The remarkable quality that holds our nation together
For 23 years, as a working journalist, I have been documenting Australians who simply refuse to succumb to whatever pervading darkness threatens to blacken their light. These stories are the keepers.
Intrarectalcranialitis. The scientific term for having one’s head unmistakably stuck up one’s backside. Otherwise known as “cranial rectal inversion” or “CRI” for short. I’ve endured a few suffocating bouts in my time. This inherently anti-social condition is thankfully one of only a few real dangers – eye strain, finger lock, gin lust – facing the full-time contemporary Australian writer. My wife, mercifully, can spot symptoms early: excessive criticism of the Qantas Club breakfast menu or finishing sentences with, “… and that’s why I never read Foucault after 9pm”.

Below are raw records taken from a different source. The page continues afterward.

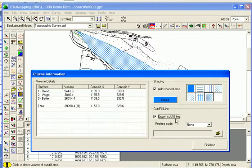Also, if I want to set out the cut-fill line, I can export to a separate file.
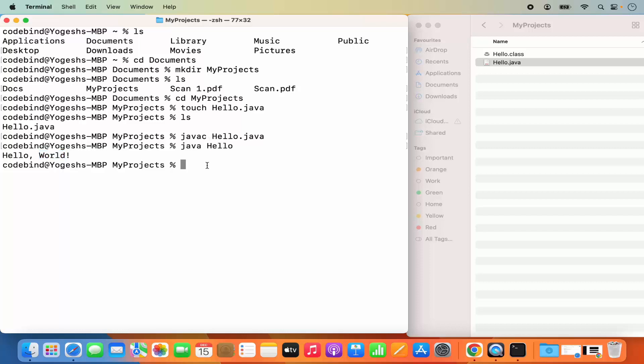This is how you can download and install Java JDK, set JAVA_HOME, and compile and run Java programs on your Mac operating system. I hope you enjoyed this video and I will see you in the next one.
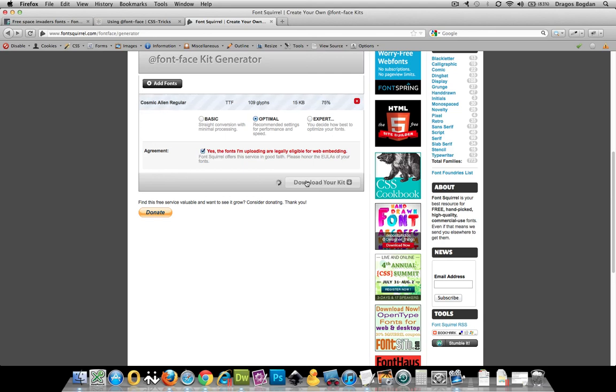And the next order of business is going to be to actually take the code that it gives me and the fonts and set them up for embedding.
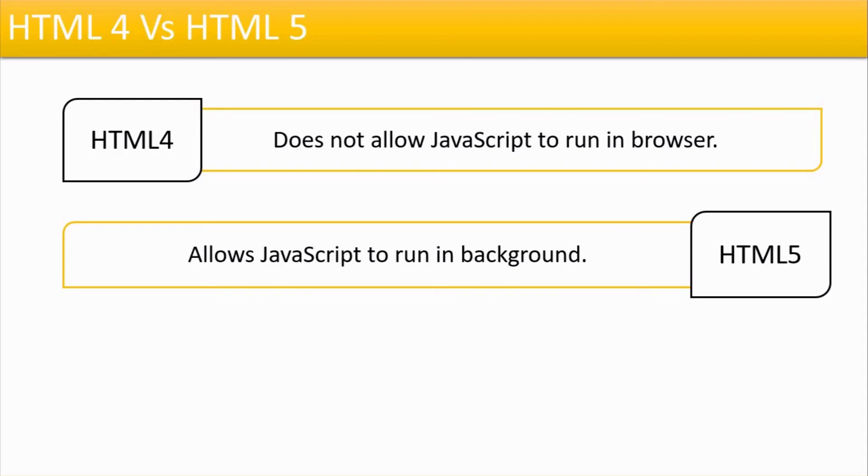So these are certain major differences between HTML4 and HTML5. In the next tutorial, we'll continue. Thank you.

It is during prolonged periods of acute CRI that I often find myself ducking under my writing desk and digging into an $11 transparent plastic IKEA storage box filled with the newspaper and magazine clippings of all the feature stories I have written for The Australian of which I’m most proud. These stories are the keepers. The ones that stayed with me. Stories of great Australians and famous Australians and ordinary unknown Australians who deserved so much more than fate allowed. Only recently did I discover, while piling endless articles from the box onto my lap, that all these pieces are linked by a common thread; one single theme rippling through every real-life narrative, passing across time and place, from feature to feature. I kept identifying the same remarkable and infectious human quality. One beautiful word kept bouncing between the colour portrait photographs of all these glorious persons of journalistic interest. From Betty Cuthbert to Mick Fanning. From Grantham flood victims to Black Summer bushfire survivors. One perfect word reverberating triumphantly between the gaps in all that press ink.
Resilience.
Time and again, it seemed, I left my desk in the Brisbane bureau of The Australian in Bowen Hills and set off into some corner of the country in search of resilience. I realise now that I have been obsessed with the stuff for most of my adult life. For 23 years, as a working journalist, I have been documenting Australians who simply refuse to succumb to whatever pervading darkness threatens to blacken their light.
These journalistic endeavours, I assure you, have transformed my life. They have shaped me as a father, a husband, a brother, a son and a man. I have no doubt this obsession is rooted in my need to make sense of the ways in which, through much of the 1980s and 1990s, I watched someone I love very much – my mum – overcome everything from drug addiction to imprisonment to domestic abuse drawing on nothing, from what I could observe, beyond a particularly Australian kind of in-built human resilience.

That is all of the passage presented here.